Subsequently, I learned that its owners, the government super-power, the Environment Agency, considered it to be of such vital importance that they allowed it to seize up. When criticised by motorists for flooding roads, by anglers for killing fish, by conservationists for drowning birds and by boaters for preventing navigation, they, the almighty EA, spent millions of pounds of our money on consultants who said "unseize it, make it work again; and if you pay us, the fat-cat consultants, more millions, we'll tell you how." Well, that was the talk in the pubs, on the river banks, in the boatyards and bird hides. Was I missing something? Shouldn't they, the all-knowing EA, have known to do that, and how to do that, and spent the money doing that?

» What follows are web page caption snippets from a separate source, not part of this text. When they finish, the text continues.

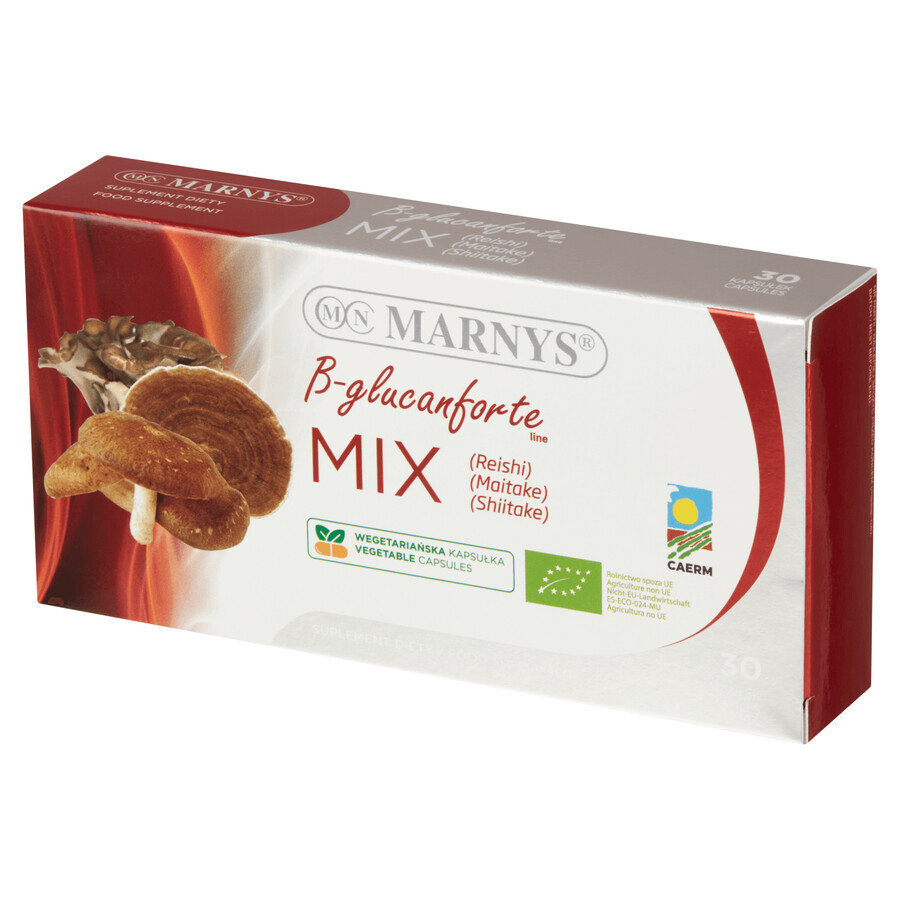 Marnys Beta-Glucanforte Mix Reishi Maitake Shiitake, 30 gélules SHORT DATE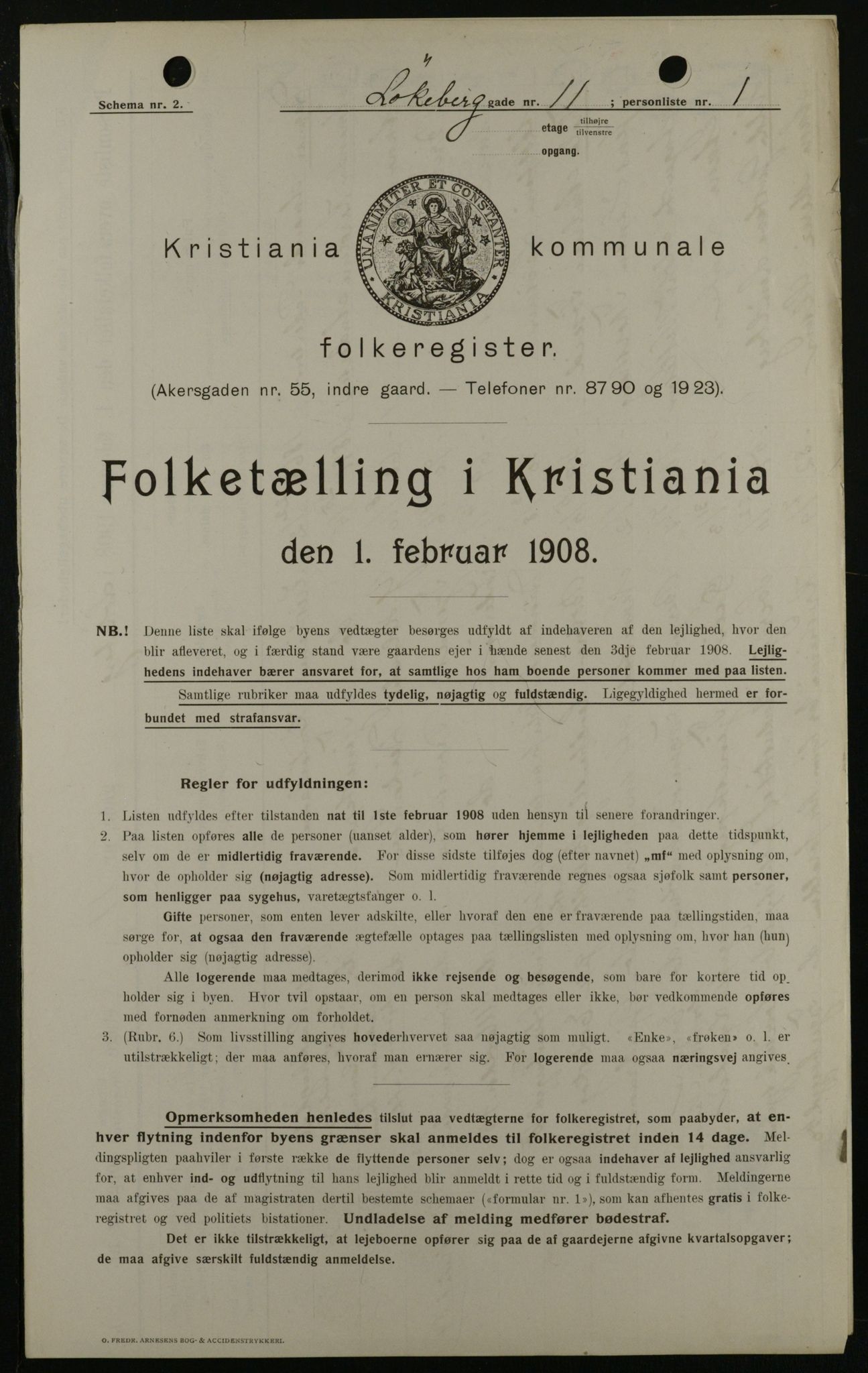 OBA, Kommunal folketelling 1.2.1908 for Kristiania kjøpstad, 1908, s. 52494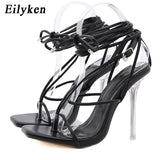 Amozae-   Shoes Woman   Elegant Ankle Strappy Party Shoes GoldenHigh Heels Wedding Shoes Open Toe Shoes Zapatos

In fact, I've discovered that now, in 2012, after dozens of expensive consultants reports, and enough money paid to civil enginneers to cover the Welney Wash Road several feet deep, it mostly does work, at least when circumstances permit. And when that is the case, Denver Sluice controls the flow from the non-tidal branch of the Great Ouse River known as the Ely Ouse, or Ten Mile River, into the tidal reach of the Great Ouse River known locally as the Tidal River, at a point just above where the New Bedford or Hundred Foot River joins the Tidal River. It should be noted that Denver Sluice also prevents the tide going up the Ely Ouse, overflowing its banks and flooding the low lying land much of which is below sea level. I've also discovered that there are many occasions when circumstances do not permit. Rain, tides and silt, for instance. Especially the latter.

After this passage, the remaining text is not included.